Tessa Jowell: The progress that
Ofcom has made has been very good indeed. Vesting day is 29 December
at which point they will take over all the functions of the component
regulators. David Curry is providing outstanding leadership to
Ofcom. I think he has assembled in the chief executive and the
management board people of outstanding quality, including some
of the very bright starts from my own department. I do not have
wholly unmixed feelings about Ofcom's success in building an organisation
of real calibre. Clearly they are constrained at the moment in
the functions that they can undertake. They are gearing up for
what will be their first major piece of work which will be the
review of public service broadcasting, which is a very important
precursor and complementary study to the charter review, which
I intend to launch consultation on on 11 December. That is Thursday
of next week.
Q17 Mr Doran: It seems clear from your
report that the way in which the department will monitor the progress
of Ofcom will be through the annual report. As this questioning
session goes on, you will hear a number of criticisms of the department's
own annual report. I think I have to ask what will make the Ofcom
report harder and more easy to assess than we are finding it with
the DCMS annual report?
Tessa Jowell: Ofcom's accountability
is two-fold both to my department and to the DTI. The monitoring
of Ofcom's performance will be carried out across two departments.
Ms Street: If the Committee has
views on how Ofcom can assist everybody best by the nature of
its annual report and also views on us, we can feed those in.

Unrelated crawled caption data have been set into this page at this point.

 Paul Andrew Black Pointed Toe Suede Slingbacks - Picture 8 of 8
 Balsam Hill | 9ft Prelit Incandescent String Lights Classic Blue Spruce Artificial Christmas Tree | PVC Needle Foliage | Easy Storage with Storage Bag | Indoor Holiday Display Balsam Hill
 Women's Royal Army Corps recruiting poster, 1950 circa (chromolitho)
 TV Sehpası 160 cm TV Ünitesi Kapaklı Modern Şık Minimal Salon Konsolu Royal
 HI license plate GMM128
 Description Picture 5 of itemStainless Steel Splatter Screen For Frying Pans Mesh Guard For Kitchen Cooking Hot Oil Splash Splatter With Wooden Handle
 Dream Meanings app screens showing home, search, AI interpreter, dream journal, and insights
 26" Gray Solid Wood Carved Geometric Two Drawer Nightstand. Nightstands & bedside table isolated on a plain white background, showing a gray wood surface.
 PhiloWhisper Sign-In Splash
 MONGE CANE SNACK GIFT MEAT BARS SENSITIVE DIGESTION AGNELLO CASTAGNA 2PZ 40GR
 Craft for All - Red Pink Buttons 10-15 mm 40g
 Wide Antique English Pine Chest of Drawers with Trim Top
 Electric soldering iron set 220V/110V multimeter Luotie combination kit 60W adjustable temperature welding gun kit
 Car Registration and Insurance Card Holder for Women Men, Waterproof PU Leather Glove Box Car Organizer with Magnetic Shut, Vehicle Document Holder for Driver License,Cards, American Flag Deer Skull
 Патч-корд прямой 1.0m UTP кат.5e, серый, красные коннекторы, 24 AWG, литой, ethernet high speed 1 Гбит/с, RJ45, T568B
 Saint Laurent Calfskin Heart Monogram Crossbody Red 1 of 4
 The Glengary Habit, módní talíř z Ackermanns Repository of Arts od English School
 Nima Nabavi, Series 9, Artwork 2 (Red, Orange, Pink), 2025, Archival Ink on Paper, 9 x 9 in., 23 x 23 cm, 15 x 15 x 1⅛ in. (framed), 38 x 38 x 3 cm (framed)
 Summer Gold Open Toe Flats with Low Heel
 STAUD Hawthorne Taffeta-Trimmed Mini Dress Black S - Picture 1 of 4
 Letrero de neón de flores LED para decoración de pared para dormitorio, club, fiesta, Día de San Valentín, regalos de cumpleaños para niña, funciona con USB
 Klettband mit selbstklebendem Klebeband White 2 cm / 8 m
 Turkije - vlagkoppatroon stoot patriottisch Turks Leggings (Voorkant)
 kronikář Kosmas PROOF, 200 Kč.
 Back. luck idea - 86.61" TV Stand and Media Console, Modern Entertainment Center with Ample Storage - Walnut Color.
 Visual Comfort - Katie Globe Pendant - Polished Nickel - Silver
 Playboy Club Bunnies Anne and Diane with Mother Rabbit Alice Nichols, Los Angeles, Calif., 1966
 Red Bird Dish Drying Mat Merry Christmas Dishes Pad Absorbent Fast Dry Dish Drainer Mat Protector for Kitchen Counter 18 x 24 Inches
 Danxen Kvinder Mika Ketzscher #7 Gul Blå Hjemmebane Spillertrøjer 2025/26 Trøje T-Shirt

The accountability and transparency will be through the annual
report but of course there will be working level monitoring discussions
all the time between both departments. I think DTI and ourselves
showed very well during the passage of the Communications Bill
and Act that it was a genuinely integrated team and the monitoring
and relationship with Ofcom will continue in that vein.
Q18 Mr Doran: One of my main interests
in Ofcom's role, apart from the regional issue which is quite
large, is the relative failure of broadcasters in this country
to support the film industry, either by supporting film production
or by showing British made films on good television. I am aware
that the Communications Act contains a section which will allow
film making for the first time to be looked at as part of the
new public sector requirement. How will that be monitored in practice?
Tessa Jowell: That will be one
dimension of the definition of the range of genre that public
service broadcasters are expected to support. In the first instance,
that will be monitored by Ofcom through the three tier regulatory
structure. In relation to the commercial public service broadcasters
it will be published through the statements of programme policy
that the broadcasters themselves will produce and Ofcom will then
monitor retrospectively. There is not a quantitative, tier two
target.
Q19 Mr Doran: That is important because
we are starting from a very low base, are we not?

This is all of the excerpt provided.